The purpose of the Corporations Amendment (Corporate Insolvency Reforms) Bill 2020 is to implement insolvency reforms to support small businesses.
The three key elements of the reforms are:
- Small business restructuring:
- Small business liquidation:
- Other measures: to provide temporary insolvency relief until 31 March 2021—to address the issue of eligible small businesses not being able to access the process immediately whilst insolvency practitioners become familiar with small business restructuring.
Small business restructuring and other measures:
The process allows financially distressed small businesses to access a single, streamlined process to restructure their debts while allowing the owners to remain in control of their business.
- Should be incorporated under the Corporations Act.
- Have total liabilities that do not exceed $1 million on the day the company enters the process, excluding employee entitlements.

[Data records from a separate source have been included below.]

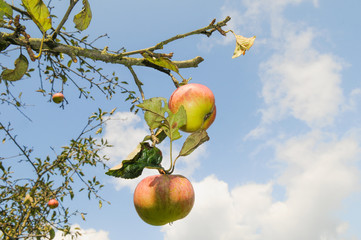Apfel am Baum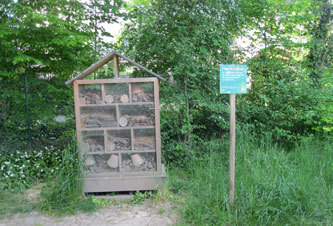 insect hotel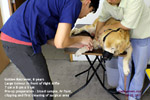 massive-tumour-stifle-golden-retriever-8-years-singapore-toapayohvets.jpg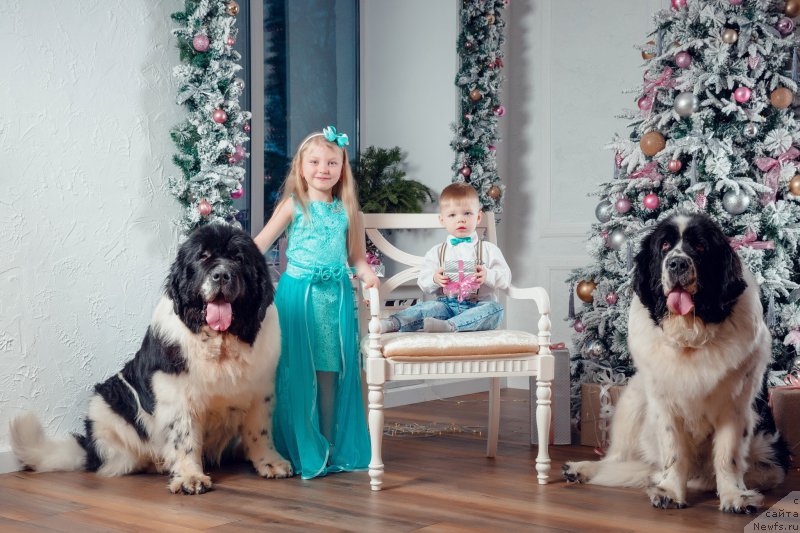 Фото: ньюфаундленд Kara Aular Bolto (Кара Аюлар Болто), ньюфаундленд Nica Dlja Kara Ayular iz Tihogo Omuta (Ница для Кара Аюлар из Тихого Омута)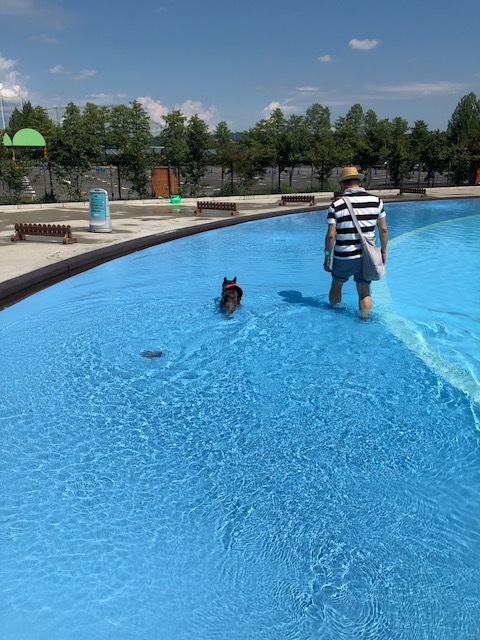 b0195100_11045765.jpeg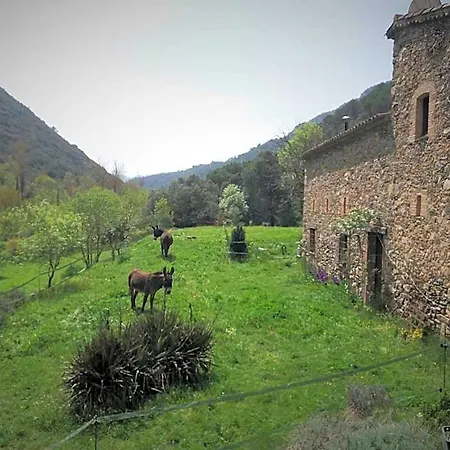 Casanova De Sant Miquel *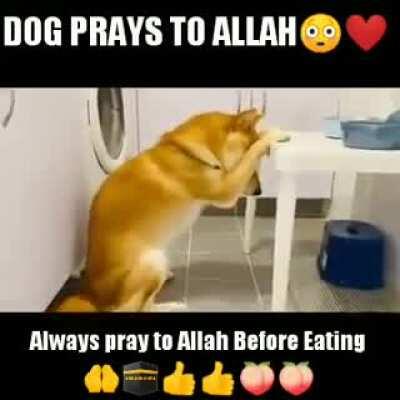 dog praying to allah?!?!?😭😌☺😤✊😲🙆‍♂️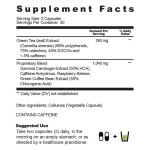 Fat Burner Supplement Supplier - Metabolism Booster Appetite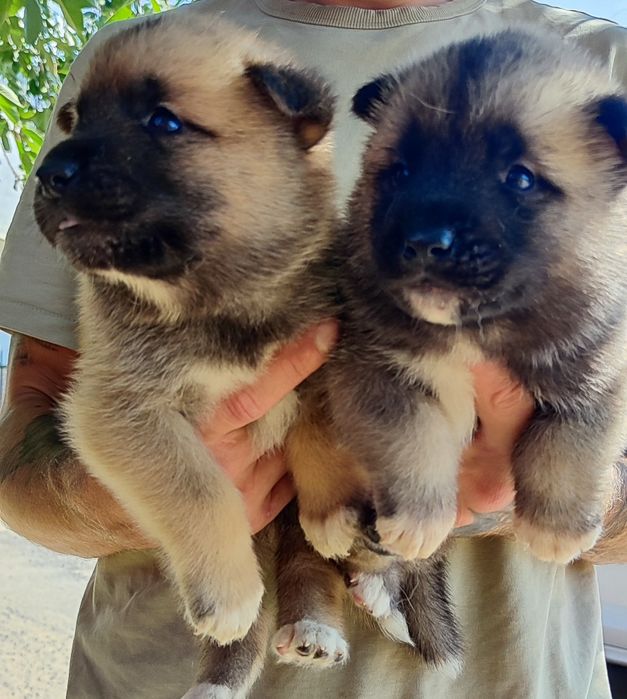 Акіта! Американська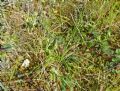 Isoetes durieui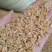 郑麦9023小麦12.5%以下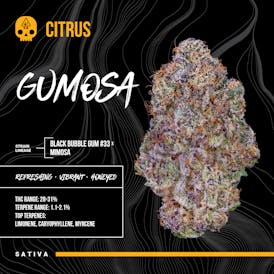 BOSKY - Gumosa (3.5G)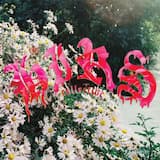 1994 / What Is Love Without Purpose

- Pass a resolution that it is insolvent or likely to become insolvent at some future time and that a small business restructuring practitioner be appointed to oversee the restructuring process.
- Ensure Tax lodgements are up to date. All relevant tax returns and activity statements are lodged with the ATO.
The Government recognises it would take time to find a small business restructuring practitioner. Therefore, it has extended the temporary insolvency relief (including relief from liability for trading while insolvent) for up to three months.
In effect, business gets extra three months to access a practitioner from the day it declares intention to access the restructuring process
Steps to access temporary relief:
- Declare intention to access the restructuring process by publishing the declaration on the published notices website from 1 January 2021.
- Company’s period of temporary restructuring relief begins on the day the declaration is published.
- Notify ASIC within 5 business days of making the declaration in the form available on the ASIC website from 1 January 2021.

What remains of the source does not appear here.